33

– Il faut quand même essayer, estima Scott Marlow.
– Nous n’allons pas fouiller une nouvelle fois cette maison, gémit la comtesse.
– C’est indispensable, poursuivit le superintendant. Qui d’entre nous admettrait l’idée d’abandonner maître Root aux mains d’un criminel ?
Aucune voix ne s’éleva pour rompre le silence.

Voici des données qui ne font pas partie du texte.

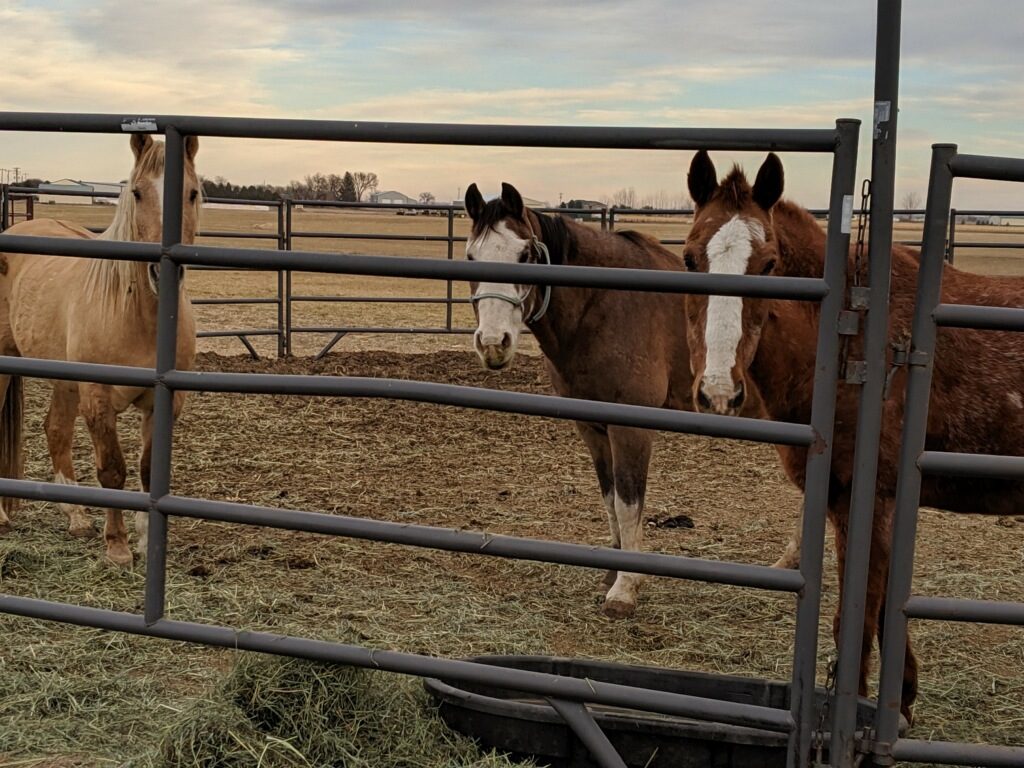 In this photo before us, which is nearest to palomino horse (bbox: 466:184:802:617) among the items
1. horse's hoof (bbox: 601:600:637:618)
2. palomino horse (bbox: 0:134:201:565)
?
horse's hoof (bbox: 601:600:637:618)

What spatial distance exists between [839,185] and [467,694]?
152cm

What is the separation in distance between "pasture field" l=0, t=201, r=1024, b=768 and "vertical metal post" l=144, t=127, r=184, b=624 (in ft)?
1.10

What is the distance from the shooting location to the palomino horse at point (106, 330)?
431 centimetres

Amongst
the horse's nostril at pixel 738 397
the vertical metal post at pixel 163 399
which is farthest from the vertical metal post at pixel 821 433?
the vertical metal post at pixel 163 399

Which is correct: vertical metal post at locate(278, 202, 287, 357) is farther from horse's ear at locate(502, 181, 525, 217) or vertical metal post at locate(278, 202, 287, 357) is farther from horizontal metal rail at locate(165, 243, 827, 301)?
horizontal metal rail at locate(165, 243, 827, 301)

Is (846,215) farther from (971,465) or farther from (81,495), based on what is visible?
(81,495)

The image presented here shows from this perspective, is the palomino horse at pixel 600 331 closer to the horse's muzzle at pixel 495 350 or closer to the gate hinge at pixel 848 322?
the horse's muzzle at pixel 495 350

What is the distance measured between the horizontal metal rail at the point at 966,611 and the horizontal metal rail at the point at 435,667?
1.19 feet

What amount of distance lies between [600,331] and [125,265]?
→ 7.00 feet

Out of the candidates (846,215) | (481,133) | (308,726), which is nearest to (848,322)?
(846,215)

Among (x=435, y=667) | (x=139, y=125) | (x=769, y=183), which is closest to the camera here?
(x=435, y=667)

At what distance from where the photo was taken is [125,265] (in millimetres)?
4375

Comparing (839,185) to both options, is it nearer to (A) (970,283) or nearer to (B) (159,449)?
(A) (970,283)

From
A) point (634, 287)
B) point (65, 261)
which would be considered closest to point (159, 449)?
point (634, 287) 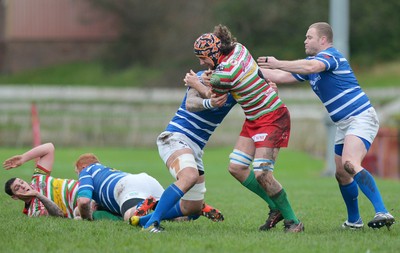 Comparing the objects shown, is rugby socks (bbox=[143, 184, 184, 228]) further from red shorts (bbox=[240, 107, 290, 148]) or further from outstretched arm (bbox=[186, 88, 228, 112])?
red shorts (bbox=[240, 107, 290, 148])

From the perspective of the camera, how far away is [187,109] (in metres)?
10.0

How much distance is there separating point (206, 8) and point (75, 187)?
50484mm

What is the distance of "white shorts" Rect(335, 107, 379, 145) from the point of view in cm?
1012

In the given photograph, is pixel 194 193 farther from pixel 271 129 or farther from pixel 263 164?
pixel 271 129

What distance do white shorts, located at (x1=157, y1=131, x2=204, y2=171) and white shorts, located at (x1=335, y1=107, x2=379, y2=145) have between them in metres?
1.62

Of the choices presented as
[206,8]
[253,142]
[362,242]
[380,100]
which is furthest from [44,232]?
[206,8]

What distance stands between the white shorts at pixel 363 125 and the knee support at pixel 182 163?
1.72 metres

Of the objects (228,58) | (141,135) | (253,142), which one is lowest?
(141,135)

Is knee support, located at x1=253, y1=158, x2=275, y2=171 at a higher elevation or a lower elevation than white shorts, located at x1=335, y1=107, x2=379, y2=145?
lower

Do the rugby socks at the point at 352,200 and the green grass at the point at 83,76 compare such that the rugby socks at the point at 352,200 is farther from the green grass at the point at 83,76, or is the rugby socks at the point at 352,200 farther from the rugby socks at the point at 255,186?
the green grass at the point at 83,76

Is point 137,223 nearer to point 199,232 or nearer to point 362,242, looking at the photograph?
point 199,232

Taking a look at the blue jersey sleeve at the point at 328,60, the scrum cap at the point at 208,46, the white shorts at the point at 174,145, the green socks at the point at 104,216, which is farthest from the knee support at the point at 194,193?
the blue jersey sleeve at the point at 328,60

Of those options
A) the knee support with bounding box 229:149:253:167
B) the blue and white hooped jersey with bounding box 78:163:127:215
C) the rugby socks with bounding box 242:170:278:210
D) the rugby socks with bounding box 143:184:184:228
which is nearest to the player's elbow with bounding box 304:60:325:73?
the knee support with bounding box 229:149:253:167

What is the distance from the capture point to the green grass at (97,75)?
54.3 metres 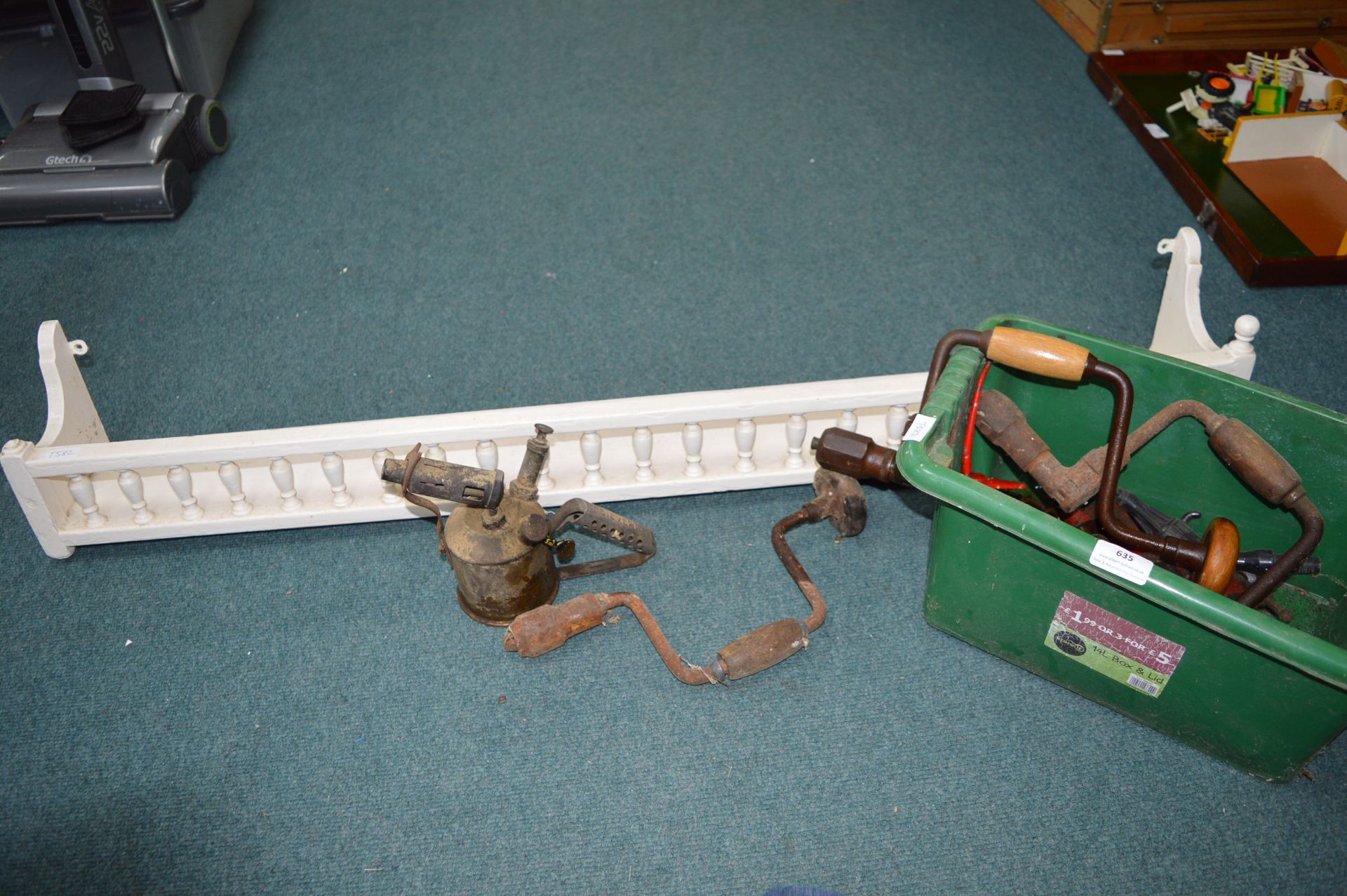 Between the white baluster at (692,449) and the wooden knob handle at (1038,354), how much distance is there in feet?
1.53

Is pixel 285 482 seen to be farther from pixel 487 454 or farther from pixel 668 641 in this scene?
pixel 668 641

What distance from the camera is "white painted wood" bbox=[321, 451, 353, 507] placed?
1.53 m

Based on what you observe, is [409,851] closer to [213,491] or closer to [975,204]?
[213,491]

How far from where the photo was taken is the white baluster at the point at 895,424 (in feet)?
5.15

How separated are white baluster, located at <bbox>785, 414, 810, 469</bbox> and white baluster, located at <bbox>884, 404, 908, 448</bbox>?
5.2 inches

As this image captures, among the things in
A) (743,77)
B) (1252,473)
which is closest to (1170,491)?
(1252,473)

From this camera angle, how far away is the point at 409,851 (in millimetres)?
1275

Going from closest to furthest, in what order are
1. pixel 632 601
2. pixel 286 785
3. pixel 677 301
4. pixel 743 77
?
pixel 286 785 < pixel 632 601 < pixel 677 301 < pixel 743 77

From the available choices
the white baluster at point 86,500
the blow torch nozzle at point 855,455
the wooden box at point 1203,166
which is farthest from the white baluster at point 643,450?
the wooden box at point 1203,166

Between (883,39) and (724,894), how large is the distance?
2414 mm

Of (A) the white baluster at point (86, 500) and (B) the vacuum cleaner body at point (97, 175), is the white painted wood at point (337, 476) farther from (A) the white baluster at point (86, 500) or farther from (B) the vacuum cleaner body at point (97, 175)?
(B) the vacuum cleaner body at point (97, 175)

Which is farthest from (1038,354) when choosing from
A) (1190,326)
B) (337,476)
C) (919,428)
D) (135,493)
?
(135,493)

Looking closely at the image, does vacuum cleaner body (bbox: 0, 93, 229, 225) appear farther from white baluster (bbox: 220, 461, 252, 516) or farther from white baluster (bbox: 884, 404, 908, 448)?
white baluster (bbox: 884, 404, 908, 448)

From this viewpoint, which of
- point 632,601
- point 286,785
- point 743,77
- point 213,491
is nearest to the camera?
point 286,785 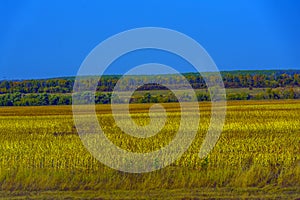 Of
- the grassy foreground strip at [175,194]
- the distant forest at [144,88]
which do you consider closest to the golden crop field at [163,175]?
the grassy foreground strip at [175,194]

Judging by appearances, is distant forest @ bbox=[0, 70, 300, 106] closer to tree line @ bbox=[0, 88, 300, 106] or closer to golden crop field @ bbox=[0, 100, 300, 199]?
tree line @ bbox=[0, 88, 300, 106]

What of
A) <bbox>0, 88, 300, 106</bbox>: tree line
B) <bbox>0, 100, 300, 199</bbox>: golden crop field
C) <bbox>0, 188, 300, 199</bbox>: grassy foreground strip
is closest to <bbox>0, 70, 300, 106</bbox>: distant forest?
<bbox>0, 88, 300, 106</bbox>: tree line

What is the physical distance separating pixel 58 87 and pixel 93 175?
3647 inches

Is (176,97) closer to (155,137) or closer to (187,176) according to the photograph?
(155,137)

– Il existe des risques, je le reconnais, mais nous avons le devoir de les prendre, dit avec gravité le superintendant. Nous savons déjà que l’assassin se cache au rez-de-chaussée, puisqu’il a fait disparaître Kathryn Root en utilisant un passage secret tout près d’ici. Baron, emmenez la comtesse dans le salon du Lotus bleu et restez auprès d’elle.
– Venez, ma chère, intervint aussitôt Hyeronimus Breakstone, prévenant. Ne restez pas debout. Vous allez défaillir.
Prenant son épouse par le bras, Hyeronimus Breakstone l’entraîna vers le salon chinois.
– Ne souhaitez-vous pas retourner dans votre chambre ? suggéra le superintendant à Thereza Fitzgerald.
– Non, répondit-elle d’une voix acidulée et pointue. Je préfère demeurer aux côtés de la comtesse. Je n’ai plus sommeil. Je la rejoins.
– Désirez-vous boire un peu de tisane avant de partir en chasse ? demanda Higgins.
– Non, répondit héroïquement Scott Marlow. Ne perdons pas une seconde, la vie d’un otage est en jeu.
– Sans un peu de liquide chaud, insista Higgins, je me sens incapable de continuer. Commencez les recherches avec le docteur Fitzgerald, superintendant. Examinez chaque pierre de ce couloir. M. Forsyte et moi-même vous rejoindrons dès que j’aurai repris des forces.
Scott Marlow se mit aussitôt au travail, aidé du médecin légiste.
– Venez, ordonna Higgins à l’explorateur.
Au sortir du couloir mystérieux où Kathryn Root avait disparu, l’ex-inspecteur-chef bifurqua brusquement.
– Mais… vous n’allez pas vers la cuisine ! s’étonna Adonis Forsyte.
Higgins atteignit le hall d’entrée, de plus en plus faiblement éclairé. Au-dehors, la neige continuait à tomber. On ne discernait plus les marches du perron. Suivi de l’explorateur, Higgins grimpa une nouvelle fois l’escalier monumental.
Il parvint devant la porte de la chambre jaune, celle des Fitzgerald.
– Éclairez-moi, demanda-t-il à l’explorateur qui tenait un bougeoir.
Higgins enfonça une clé dans la serrure, la fit fonctionner plusieurs fois.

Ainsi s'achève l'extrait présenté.